• **Records for this task**:
============
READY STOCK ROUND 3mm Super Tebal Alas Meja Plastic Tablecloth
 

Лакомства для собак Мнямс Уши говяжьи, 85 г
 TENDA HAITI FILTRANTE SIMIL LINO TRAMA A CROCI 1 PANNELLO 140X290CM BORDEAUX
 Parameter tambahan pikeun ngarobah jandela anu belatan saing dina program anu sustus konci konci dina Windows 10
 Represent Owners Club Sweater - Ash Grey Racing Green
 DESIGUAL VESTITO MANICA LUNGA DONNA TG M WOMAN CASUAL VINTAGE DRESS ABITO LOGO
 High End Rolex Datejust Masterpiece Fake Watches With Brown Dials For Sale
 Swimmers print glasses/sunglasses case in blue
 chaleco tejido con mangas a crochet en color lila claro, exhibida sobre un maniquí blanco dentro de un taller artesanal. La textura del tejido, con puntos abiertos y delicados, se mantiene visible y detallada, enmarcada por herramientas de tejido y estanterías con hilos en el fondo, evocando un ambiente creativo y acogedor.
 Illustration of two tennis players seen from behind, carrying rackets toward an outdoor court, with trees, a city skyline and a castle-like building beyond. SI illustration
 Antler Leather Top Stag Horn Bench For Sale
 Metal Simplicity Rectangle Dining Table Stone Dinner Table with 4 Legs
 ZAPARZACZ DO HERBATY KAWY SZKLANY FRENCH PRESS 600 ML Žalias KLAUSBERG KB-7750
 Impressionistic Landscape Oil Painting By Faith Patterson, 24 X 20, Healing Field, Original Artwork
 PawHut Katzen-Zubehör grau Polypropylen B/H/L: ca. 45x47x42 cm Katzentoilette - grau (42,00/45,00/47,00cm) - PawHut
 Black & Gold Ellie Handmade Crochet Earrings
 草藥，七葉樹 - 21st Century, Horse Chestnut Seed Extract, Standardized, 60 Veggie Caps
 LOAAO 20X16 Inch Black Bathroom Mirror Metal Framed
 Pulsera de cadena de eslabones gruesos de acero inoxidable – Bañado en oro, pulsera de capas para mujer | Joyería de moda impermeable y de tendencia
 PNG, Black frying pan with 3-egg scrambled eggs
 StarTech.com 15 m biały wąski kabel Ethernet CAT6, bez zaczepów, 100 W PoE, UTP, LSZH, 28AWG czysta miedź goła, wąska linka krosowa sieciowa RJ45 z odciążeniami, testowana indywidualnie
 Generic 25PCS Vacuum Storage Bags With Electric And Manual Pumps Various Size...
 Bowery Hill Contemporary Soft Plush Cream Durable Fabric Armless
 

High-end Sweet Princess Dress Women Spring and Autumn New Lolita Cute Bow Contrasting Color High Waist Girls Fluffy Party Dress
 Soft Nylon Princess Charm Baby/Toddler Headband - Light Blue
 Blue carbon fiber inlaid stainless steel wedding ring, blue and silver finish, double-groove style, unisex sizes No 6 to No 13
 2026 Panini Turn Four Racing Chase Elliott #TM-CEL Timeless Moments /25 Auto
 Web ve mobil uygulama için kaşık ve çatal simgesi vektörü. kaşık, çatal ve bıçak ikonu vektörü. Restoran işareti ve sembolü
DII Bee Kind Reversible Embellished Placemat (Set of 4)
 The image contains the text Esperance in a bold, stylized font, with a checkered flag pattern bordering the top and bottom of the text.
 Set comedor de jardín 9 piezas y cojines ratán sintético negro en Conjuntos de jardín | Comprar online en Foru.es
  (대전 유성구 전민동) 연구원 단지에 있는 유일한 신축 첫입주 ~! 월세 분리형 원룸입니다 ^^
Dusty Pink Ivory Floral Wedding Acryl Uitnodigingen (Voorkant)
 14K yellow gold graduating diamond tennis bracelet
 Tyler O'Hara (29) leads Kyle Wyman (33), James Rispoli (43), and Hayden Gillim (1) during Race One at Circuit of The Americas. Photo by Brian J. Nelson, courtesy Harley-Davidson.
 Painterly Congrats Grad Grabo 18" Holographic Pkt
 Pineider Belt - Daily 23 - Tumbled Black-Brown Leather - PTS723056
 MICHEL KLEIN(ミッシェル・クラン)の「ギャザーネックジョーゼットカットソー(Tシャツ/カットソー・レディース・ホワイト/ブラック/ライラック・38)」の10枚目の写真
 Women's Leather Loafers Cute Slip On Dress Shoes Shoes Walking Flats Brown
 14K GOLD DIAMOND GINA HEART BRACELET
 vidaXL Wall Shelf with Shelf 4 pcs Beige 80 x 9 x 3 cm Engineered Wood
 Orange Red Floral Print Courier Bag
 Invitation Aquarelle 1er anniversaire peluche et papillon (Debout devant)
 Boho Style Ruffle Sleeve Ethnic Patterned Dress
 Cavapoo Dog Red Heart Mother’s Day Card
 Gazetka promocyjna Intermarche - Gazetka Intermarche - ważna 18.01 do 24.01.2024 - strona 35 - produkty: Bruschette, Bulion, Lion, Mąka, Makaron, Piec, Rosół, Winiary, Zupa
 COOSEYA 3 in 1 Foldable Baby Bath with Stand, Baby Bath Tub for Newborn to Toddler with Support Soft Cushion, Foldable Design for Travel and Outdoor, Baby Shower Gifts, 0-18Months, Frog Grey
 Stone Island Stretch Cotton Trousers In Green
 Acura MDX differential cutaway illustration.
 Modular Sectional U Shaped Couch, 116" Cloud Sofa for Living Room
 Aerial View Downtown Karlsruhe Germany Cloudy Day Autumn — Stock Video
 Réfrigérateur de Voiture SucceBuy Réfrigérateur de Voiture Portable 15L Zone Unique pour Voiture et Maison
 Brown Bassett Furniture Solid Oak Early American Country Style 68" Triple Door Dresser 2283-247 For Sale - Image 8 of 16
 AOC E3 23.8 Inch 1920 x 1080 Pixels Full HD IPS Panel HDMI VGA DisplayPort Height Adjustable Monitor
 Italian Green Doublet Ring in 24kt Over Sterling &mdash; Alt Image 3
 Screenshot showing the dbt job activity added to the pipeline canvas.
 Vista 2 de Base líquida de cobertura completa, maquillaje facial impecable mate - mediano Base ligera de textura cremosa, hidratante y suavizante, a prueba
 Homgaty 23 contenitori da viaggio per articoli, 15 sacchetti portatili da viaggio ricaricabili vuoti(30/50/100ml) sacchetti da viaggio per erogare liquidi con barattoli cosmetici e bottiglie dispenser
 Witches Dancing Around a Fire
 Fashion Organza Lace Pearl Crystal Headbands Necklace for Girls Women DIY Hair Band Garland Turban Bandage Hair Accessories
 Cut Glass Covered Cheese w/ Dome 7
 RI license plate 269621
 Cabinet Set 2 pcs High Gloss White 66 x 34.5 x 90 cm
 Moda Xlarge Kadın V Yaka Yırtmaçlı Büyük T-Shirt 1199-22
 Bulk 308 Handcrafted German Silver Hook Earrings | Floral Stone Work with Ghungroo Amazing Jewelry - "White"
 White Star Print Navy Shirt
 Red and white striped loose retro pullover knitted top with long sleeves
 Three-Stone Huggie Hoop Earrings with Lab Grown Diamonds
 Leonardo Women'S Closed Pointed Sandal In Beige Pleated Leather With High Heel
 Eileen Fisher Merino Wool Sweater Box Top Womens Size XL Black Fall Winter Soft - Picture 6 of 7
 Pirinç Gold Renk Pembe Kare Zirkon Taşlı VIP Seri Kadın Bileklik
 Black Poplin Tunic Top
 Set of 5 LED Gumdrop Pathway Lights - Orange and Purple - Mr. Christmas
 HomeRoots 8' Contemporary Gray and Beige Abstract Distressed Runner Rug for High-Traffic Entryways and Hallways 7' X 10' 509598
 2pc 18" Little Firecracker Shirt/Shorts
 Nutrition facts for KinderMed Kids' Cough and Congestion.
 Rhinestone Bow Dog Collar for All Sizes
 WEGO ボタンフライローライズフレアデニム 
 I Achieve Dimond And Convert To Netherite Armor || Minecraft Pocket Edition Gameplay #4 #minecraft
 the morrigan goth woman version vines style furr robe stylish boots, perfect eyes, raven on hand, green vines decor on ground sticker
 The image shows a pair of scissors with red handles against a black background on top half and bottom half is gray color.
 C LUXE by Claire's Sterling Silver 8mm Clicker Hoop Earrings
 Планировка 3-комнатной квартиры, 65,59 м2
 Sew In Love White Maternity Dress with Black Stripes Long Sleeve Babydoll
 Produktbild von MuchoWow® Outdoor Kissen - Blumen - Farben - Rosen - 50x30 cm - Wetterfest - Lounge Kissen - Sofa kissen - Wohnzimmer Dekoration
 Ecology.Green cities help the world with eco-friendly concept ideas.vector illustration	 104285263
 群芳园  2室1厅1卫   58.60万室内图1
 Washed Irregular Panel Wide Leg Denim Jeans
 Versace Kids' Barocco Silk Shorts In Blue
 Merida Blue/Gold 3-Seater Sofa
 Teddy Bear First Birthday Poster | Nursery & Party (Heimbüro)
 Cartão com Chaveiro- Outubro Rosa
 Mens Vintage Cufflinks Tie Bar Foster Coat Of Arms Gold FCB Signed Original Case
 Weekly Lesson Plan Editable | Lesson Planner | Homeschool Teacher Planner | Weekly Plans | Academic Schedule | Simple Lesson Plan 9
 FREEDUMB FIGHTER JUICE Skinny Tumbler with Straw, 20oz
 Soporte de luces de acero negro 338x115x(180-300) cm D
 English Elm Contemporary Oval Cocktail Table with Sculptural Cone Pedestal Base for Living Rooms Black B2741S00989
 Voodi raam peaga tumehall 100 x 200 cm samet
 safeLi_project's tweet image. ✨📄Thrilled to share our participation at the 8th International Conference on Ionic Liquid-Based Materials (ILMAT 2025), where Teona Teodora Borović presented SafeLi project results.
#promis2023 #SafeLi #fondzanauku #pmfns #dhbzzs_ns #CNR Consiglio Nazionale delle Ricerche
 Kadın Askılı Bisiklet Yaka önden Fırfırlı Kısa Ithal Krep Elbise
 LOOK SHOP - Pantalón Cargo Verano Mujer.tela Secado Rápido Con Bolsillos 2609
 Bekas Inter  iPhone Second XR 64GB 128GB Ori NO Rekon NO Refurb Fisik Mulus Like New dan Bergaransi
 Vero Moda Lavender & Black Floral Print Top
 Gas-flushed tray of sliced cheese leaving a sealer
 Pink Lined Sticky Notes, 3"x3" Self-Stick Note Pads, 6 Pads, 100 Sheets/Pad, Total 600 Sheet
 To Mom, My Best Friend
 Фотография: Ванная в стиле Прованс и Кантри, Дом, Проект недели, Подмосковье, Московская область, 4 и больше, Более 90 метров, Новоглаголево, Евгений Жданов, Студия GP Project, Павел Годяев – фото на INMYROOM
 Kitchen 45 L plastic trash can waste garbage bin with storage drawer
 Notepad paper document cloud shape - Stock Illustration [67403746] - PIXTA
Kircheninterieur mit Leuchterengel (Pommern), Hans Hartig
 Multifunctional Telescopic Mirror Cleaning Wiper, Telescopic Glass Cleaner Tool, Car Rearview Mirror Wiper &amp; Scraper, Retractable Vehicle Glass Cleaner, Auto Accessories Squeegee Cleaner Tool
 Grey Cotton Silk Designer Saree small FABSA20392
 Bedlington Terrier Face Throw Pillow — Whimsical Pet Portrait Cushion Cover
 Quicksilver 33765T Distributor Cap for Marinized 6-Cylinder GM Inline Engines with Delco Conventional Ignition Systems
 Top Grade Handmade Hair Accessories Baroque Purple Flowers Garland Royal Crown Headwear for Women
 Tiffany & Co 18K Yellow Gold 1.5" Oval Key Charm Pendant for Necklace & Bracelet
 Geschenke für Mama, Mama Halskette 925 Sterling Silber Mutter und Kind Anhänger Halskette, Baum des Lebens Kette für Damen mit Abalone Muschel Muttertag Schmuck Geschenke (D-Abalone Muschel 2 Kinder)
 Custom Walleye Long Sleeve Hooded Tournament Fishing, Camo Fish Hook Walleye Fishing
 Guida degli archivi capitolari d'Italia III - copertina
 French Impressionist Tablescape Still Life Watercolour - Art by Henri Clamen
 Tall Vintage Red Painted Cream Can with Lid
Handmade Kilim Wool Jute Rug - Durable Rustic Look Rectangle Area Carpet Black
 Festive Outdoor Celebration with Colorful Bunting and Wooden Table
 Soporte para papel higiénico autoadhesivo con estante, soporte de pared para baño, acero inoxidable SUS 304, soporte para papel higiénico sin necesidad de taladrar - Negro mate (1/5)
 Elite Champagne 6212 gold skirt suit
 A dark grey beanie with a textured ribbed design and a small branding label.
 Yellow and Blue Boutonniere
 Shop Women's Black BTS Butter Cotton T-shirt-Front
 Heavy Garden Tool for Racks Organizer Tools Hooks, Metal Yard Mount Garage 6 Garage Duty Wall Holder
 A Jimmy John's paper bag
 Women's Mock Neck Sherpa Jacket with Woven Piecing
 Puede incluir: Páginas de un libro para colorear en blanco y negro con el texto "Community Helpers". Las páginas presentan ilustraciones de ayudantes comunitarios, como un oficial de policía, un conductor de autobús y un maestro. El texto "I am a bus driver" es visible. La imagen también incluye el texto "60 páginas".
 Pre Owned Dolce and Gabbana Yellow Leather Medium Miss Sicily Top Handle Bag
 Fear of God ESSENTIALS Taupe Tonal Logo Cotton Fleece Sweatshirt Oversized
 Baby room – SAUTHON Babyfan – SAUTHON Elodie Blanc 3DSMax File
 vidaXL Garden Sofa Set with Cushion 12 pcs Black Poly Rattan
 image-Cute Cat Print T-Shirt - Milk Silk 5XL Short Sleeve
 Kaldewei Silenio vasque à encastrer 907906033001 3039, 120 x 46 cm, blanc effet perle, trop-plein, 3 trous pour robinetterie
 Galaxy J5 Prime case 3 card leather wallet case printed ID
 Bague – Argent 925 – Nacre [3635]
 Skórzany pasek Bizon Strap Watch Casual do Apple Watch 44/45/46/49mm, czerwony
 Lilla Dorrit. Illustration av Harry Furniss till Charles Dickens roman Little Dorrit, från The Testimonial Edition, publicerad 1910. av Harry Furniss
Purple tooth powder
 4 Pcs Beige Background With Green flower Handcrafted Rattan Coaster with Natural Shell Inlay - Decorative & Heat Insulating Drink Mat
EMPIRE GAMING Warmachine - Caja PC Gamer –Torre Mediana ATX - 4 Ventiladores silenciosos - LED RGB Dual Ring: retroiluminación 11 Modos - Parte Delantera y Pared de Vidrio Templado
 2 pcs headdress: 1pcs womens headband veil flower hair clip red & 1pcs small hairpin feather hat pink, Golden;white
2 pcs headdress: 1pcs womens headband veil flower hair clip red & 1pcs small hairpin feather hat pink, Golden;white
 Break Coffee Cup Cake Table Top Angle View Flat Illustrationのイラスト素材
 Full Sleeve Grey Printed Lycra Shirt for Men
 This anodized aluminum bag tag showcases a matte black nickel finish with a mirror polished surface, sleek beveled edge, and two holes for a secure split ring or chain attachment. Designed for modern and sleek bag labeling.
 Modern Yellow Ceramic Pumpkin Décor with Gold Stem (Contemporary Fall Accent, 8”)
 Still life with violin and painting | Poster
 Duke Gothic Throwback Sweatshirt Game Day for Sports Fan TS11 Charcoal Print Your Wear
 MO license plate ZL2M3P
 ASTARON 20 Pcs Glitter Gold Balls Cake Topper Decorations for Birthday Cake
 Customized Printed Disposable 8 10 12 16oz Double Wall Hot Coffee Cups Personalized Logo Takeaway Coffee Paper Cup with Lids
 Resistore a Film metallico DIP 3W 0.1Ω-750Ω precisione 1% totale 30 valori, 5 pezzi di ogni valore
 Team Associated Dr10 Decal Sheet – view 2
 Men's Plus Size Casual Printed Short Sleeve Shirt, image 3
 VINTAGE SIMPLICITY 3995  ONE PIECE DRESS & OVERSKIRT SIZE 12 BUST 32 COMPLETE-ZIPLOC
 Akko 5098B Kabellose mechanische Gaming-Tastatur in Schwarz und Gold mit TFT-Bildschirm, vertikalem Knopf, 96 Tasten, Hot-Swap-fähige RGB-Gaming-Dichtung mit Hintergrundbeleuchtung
============
• **What is being asked**: The required output is the lines from the one holding "Resistore a Film" through the last line of the entries above, copied exactly.

• **Task response**:
 Resistore a Film metallico DIP 3W 0.1Ω-750Ω precisione 1% totale 30 valori, 5 pezzi di ogni valore
 Team Associated Dr10 Decal Sheet – view 2
 Men's Plus Size Casual Printed Short Sleeve Shirt, image 3
 VINTAGE SIMPLICITY 3995  ONE PIECE DRESS & OVERSKIRT SIZE 12 BUST 32 COMPLETE-ZIPLOC
 Akko 5098B Kabellose mechanische Gaming-Tastatur in Schwarz und Gold mit TFT-Bildschirm, vertikalem Knopf, 96 Tasten, Hot-Swap-fähige RGB-Gaming-Dichtung mit Hintergrundbeleuchtung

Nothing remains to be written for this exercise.